Evinced by his doddering old uncle’s steadfast refusal to accept the offer of a wealthy American eccentric to buy up the familial English castle and transfer it to the States for a hefty price, ne’er-do-well nephew Nathan promptly shows his disapproval by giving the old boy the ax—right down the middle of his skull. Nathan passes off Uncle’s death as a disappearance and then passes off the house keys to the American, Howard Martin, but the murderer insists that the family mausoleum be left intact on the moor grounds. (After all, that’s where Uncle’s hanging out now.) But what neither man counted on were the host of crumbly ghouls who live in the mausoleum to tear the structure asunder and conveniently rebuild it in the garden of Martin’s estate. Martin is thrilled to see that his place is genuinely haunted, but Nathan is less than thrilled when he travels to America to give Martin a piece of his mind but ends up losing all peace of mind when the ghouls snatch him up and nail him into a coffin to be interred alongside Uncle’s ferreted corpse. In the nights to come, Martin delights in unsettling his dinner guests with the ghastly, ghostly wails that emanate from his garden mausoleum.


Though much more gruesome in appearance than the typical Craig fare that would regulate the oozy monsters to a few brief glimpses, “The Mausoleum” is shot through with enough droll wit and winking humor to leaven the nasty sight of the zombie construction workers with a light air. The two elements are really at perfect balance in this tale, similar to how Craig experimented with horror and humor in earlier tales such as “Horror House” (VOH 15). Glancing back at that tale and studying the layout of “The Mausoleum” is just as good a testimony as any of how far Craig had advanced as an artist in those few short years. Along with the specific shots that Jack mentions below, the opening splash of the prototypically Gothic mise en scène displays a wonderful use of scale and architectural detail that captures your attention just as brilliantly as any putrid cadaver.

Kids Do the Darnedest Things!
("Let's Play Poison!")
Mr. Howard hates kids. In a sense, one can hardly blame him. After all, he did witness a group of his students surround young Michael, shouting that they hated him just before pushing the boy from a third-story window. Still, Mr. Howard takes his theories further than even the most rotten ol’ bastard: he remains convinced that children are an entirely demonic breed unto themselves, separate from the adult human race and forever preoccupied with the strange occult ritual known as “playtime.” He finds out one of these morbid games goes by the name of “Poison” and entails the little brats skipping over “gravestones” in the sidewalk marked with names of the dead, really just the inscription of the company that laid the concrete. But Mr. Howard finds out that there just might be something to the game after all when a group of pranksters rouse him from his home and lead him to fall ass over teakettle into an open pit, bashing his head on an exposed pipe and effectively burying him into a sidewalk grave that will respectfully henceforth read “M. Howard R. I. P.”

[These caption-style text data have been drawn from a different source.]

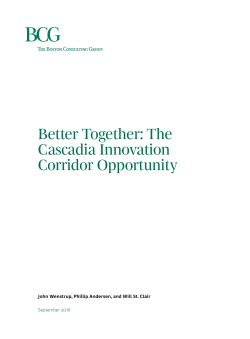 Better Together: The Cascadia Innovation Corridor Opportunity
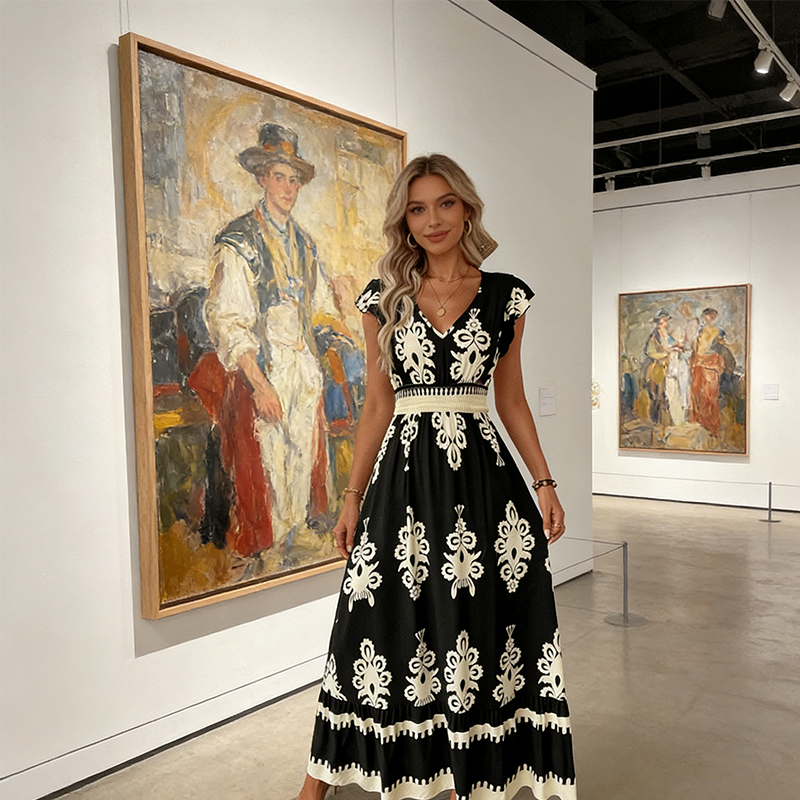 👗New arrival 49% OFF!🏖️Women's V-Neck Baroque Print Flowy Maxi Dress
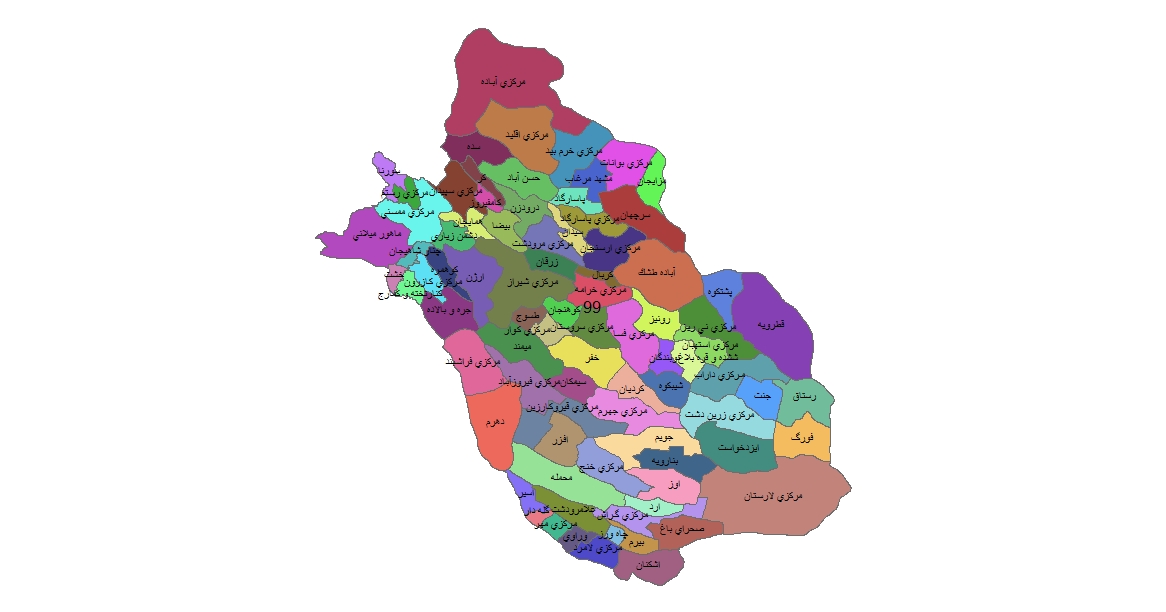 شیپ فایل بخش های استان فارس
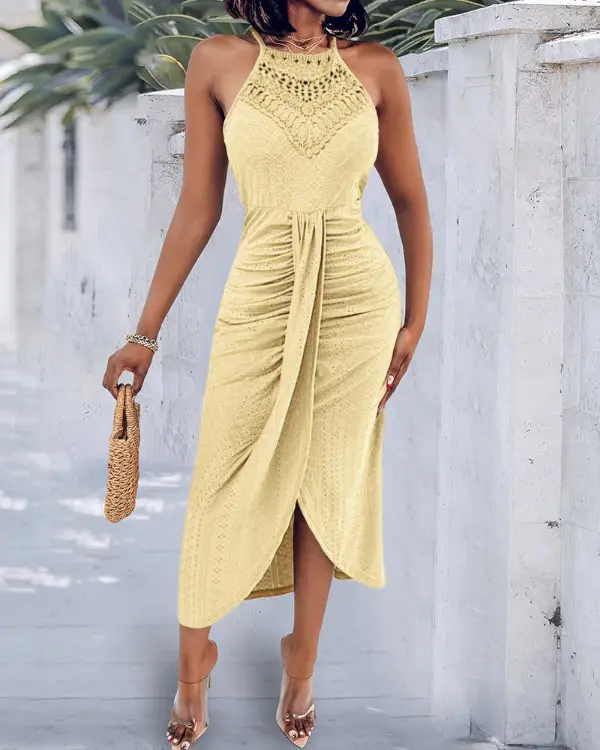 Halter Hollow-out A Line Sleeveless Front Slit Ruched Vacation Maxi Dress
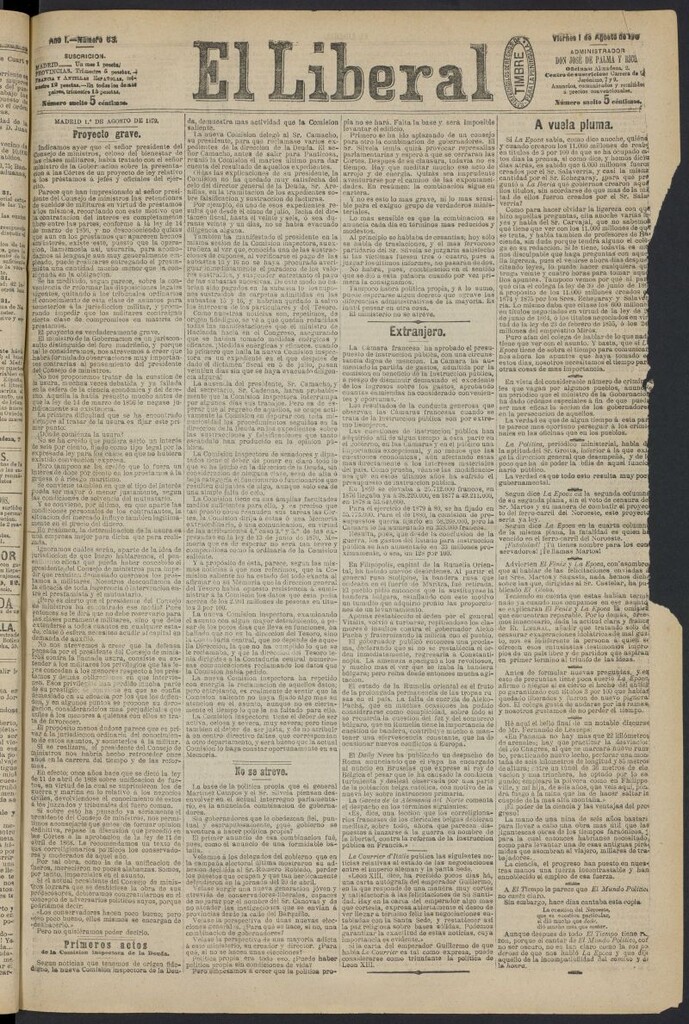 Miniatura de El Liberal (Madrid. 1879) del 1 de agosto de 1879, nº 63
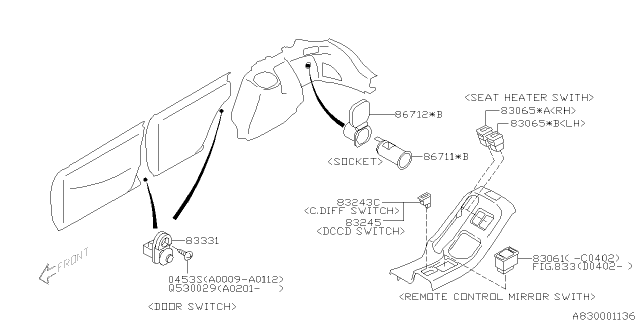 2002 Subaru Impreza Switch - Instrument Panel Diagram 1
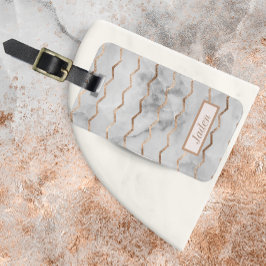 Elegant Geometric Marble Stil Luggage Tag Bagagebricka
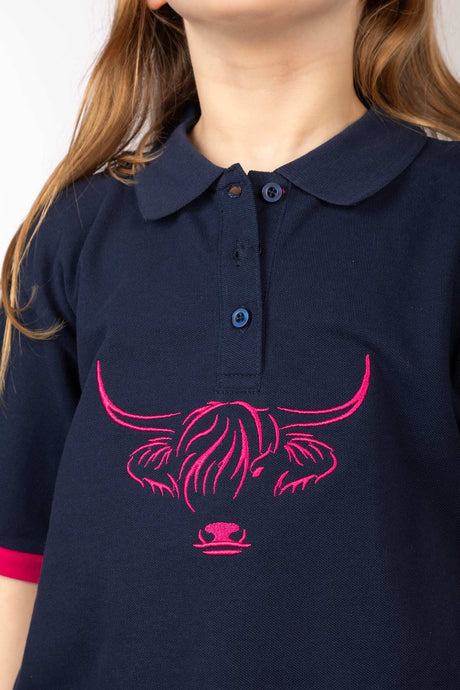 Rydale Girls Highland Cow Polo Shirt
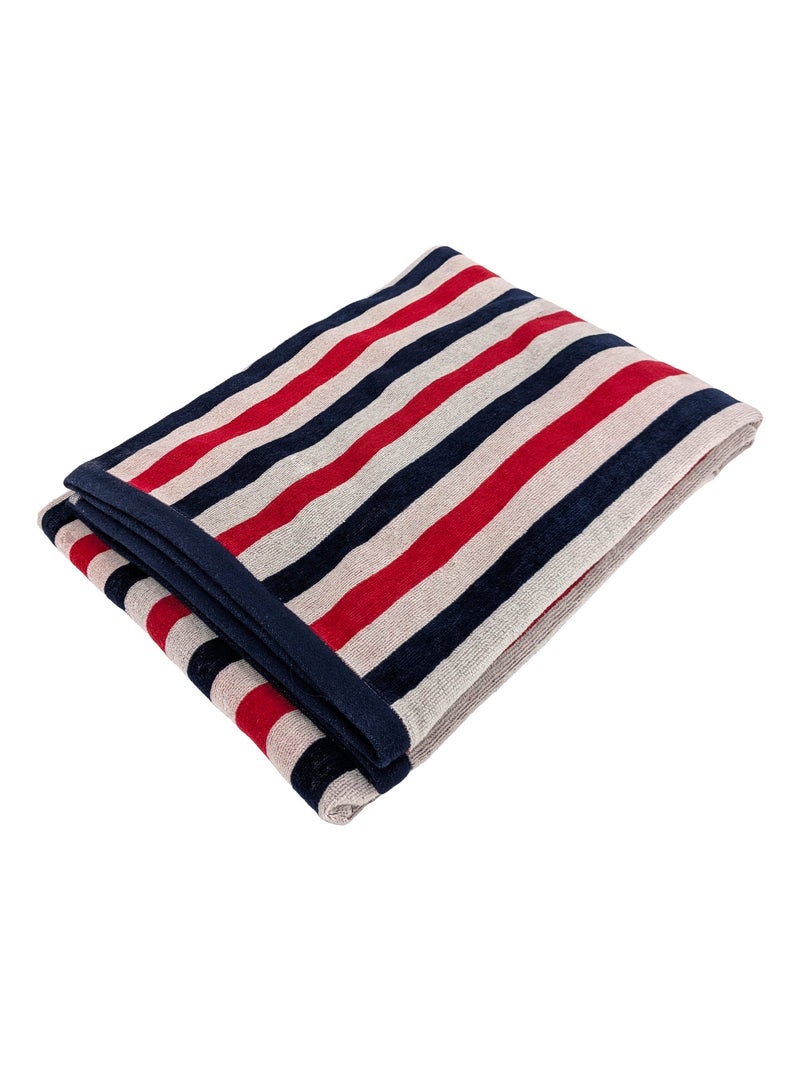 Drap de plage 100x180 cm ATLANTIQUE Bleu Rouge - Kiabi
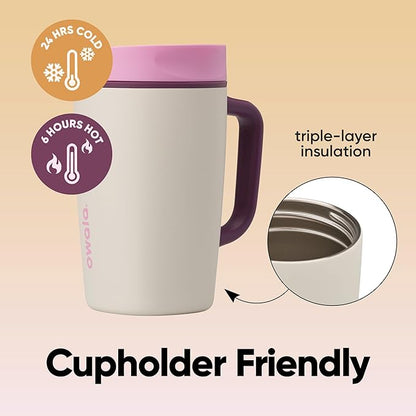 Owala SmoothSip Slider Stainless Steel Insulated Travel Mug, 100% Leak Proof, For Hot and Cold Drinks, Travel Friendly with Sliding Lock Lid, 12oz, BPA Free, Leak Proof, Pink/Tan (Daybreak)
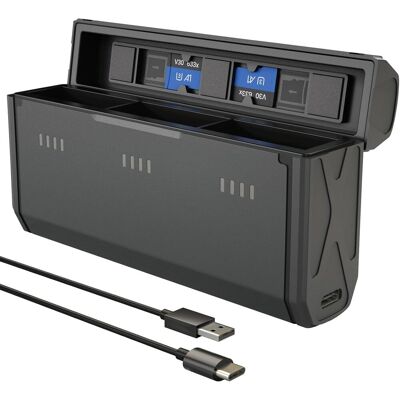 OEM Cargador De Batería Enduro Para Gopro Hero 13 Black, Cargador De Bolsillo Con Indicador De Energía Inteligente Y Puerto De Carga Lateral, Estuche De Carga Rápida De Tres Ranuras Compatible Con Accesor OEM Cargador De Batería Enduro Para Gopro Hero 13 Black, Cargador De Bolsillo Con Indicador De Energía Inteligente Y Puerto De Carga Lateral, Estuche De Carga Rápida De Tres Ranuras Compatible Con Accesor
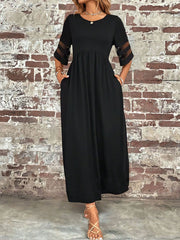 Plus Size Mesh Sleeve Round Neck Dress with Pockets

I enjoyed this Bradbury adaptation more than I thought I would (“There Was an Old Woman” had left me a little leery), and Jack Davis shows that he was just as crafty wielding a pen to depict the macabre merry-go-round lives of children and the miserable teachers who loathe them in this quietly insidious yarn that is oh-so-softly infused with some autumnal tidings.

Kamen gets the lead out!
("A Sock for Christmas!")
Melvin, the baker’s child, seems to get the break of a lifetime when the great King Irving comes down from his mighty castle yon high to enlist the child in becoming his son, Prince Tarby’s, new royal companion. But Melvin, already saddened at being wrested from the home of his peasant family, quickly finds out that the only break he’ll be getting is the crack of a hand against his hindquarters as Prince Tarby’s new royal whipping-boy! Tarby, you see, is a little jackass of all trades whose brilliant father has devised a means of handing out rightful punishments for his son’s crimes without actually having his son suffer the consequences: get some other poor little bastard to take the beatings instead! Heartbroken after hearing from Tarby that as a “naughty boy” he’ll be receiving no presents for Christmas, Melvin is reassured by his father upon his return home that the King will help to fill his fireside stocking. And that Santa makes sure of… even if it means taking the King and stuffing him into the stocking one bloody chunk at a time!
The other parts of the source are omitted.